# Day 1 - success!



## highpoint (Mar 3, 2009)

My new drain cleaning tools arrived yesterday afternoon.
So today I ventured into uncharted waters. 2- floor drains, a laundry sink and camera a wc.
The floor drains went very slick, both were full of leaves and silt as a water main broke 2 nights ago and flooded their basements(still not sure where the leaves came from) then a laundry sink on the same street came over when I was doing the floor drains. The fd were for insurance so I don't feel bad charging a 2 hr min as quoted. The laundry sink I gave the guy a break and did it for a case of beer. In all those 3 took 20mins. Then I camera a drain at a furniture store that had the bathroom out of order for a year as he had snaked the drain a hundred times. So I camerad for half hour, all clean, then tipped the toilet back to get the wax off and a huge grossness sticking out the bottom, I turned my head and reached in through a bag and felt a nail or something covered n toiletries. I got it out reset the toilet and works good as new.
Glad no one was around to see that one. Lol. Made me laugh.


----------



## SewerRat (Feb 26, 2011)

Not bad for a first day!

I think to give someone a break on your first day is OK, but avoid the temptation in the future.


----------



## AlbacoreShuffle (Aug 28, 2011)

SewerRat said:


> Not bad for a first day!
> 
> I think to give someone a break on your first day is OK, but avoid the temptation in the future.

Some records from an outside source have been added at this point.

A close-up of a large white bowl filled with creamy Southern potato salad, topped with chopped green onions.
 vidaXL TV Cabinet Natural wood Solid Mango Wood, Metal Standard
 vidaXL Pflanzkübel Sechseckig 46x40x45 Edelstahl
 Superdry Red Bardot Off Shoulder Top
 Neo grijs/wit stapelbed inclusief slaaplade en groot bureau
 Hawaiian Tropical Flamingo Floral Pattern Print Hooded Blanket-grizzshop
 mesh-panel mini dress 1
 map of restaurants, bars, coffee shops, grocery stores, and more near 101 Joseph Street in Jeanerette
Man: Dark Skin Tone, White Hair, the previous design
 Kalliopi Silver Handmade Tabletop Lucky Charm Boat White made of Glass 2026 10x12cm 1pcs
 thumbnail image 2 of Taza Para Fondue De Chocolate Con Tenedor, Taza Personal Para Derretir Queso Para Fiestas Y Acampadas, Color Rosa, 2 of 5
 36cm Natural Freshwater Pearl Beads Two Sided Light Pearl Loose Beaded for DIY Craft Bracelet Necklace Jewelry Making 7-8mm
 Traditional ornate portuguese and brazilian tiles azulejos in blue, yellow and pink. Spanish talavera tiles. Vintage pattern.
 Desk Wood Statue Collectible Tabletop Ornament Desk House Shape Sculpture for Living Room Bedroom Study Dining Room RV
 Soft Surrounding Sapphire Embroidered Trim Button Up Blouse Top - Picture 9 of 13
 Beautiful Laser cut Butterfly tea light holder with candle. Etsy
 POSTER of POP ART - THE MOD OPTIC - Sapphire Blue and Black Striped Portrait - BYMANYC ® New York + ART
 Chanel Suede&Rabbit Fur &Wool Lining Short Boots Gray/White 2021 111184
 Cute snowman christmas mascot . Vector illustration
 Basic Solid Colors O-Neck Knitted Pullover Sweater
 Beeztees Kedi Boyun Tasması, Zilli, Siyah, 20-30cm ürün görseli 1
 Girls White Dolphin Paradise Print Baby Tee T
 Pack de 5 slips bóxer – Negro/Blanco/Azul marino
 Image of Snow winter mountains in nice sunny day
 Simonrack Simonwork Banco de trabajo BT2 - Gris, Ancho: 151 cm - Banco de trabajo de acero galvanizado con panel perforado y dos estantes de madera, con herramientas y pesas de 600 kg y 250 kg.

Depends on what flavor beer he got .

http://most-expensive.net/most-expensive-beer

*Crown Ambassador*: This bottle sells for $91 is considered on the expensive side. The beer is manufactured by Fosters which is thinking to sell out the limited editions of this beer to boost the image of premium lagers.http://mytop10list.com/wp-content/uploads/2011/07/crown-ambassador.jpg


----------



## Doubletap (May 5, 2010)

Thats the thing about charging flat rates for sewer cleaning sometimes you make REALLY good money and sometimes you work really hard for your money.


----------



## highpoint (Mar 3, 2009)

Another great day. Left my phone in my van last night and missed a killer one, for the city, kick myself for that. Today got a quick one with my k45 . That thing is awesome. Im gonna start guerilla advertising next week !


----------